TASK TO CARRY OUT
Go to the line holding "set up mailchimp" in the data below and repeat it exactly, then each line after it up to and including the one holding "Ranunculus californicus". Omit pictures.

RECORDS FOR THIS TASK
===
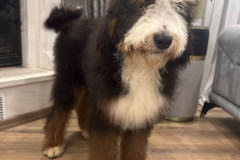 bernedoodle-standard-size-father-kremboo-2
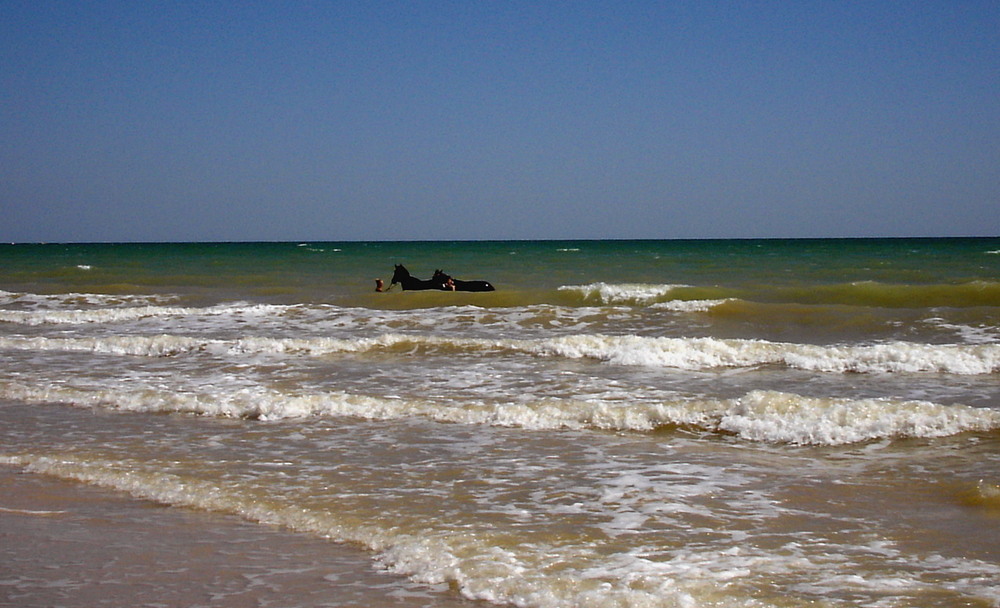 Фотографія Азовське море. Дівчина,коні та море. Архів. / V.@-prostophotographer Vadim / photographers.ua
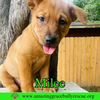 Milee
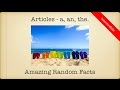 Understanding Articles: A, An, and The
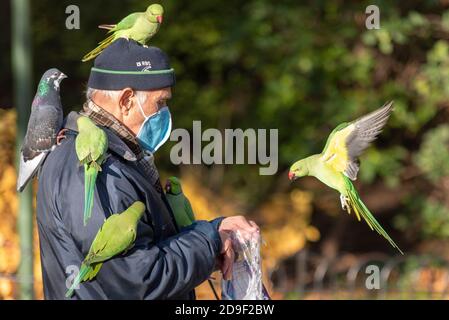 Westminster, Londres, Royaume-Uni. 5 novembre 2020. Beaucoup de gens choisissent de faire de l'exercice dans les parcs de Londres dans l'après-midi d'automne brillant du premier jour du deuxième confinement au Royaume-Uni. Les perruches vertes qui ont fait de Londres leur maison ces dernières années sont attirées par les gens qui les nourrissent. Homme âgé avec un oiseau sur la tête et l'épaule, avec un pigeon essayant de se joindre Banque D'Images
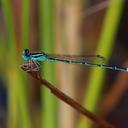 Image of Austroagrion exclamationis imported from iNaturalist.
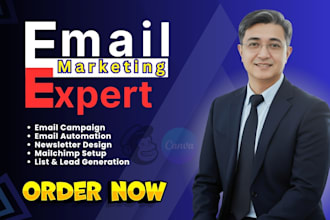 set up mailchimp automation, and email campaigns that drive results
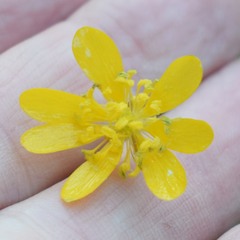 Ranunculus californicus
===
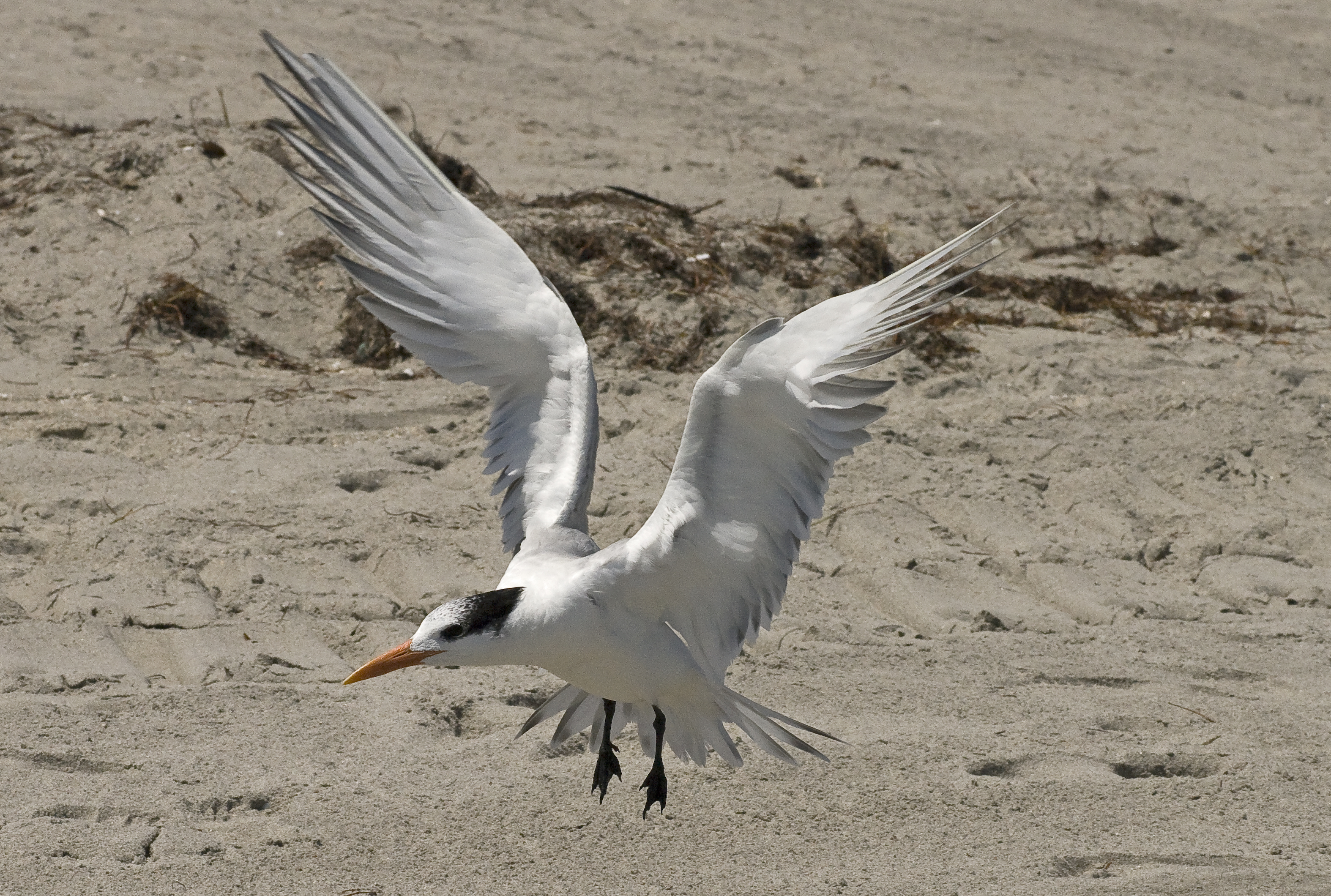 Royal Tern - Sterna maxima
===
ANSWER AREA
 set up mailchimp automation, and email campaigns that drive results
 Ranunculus californicus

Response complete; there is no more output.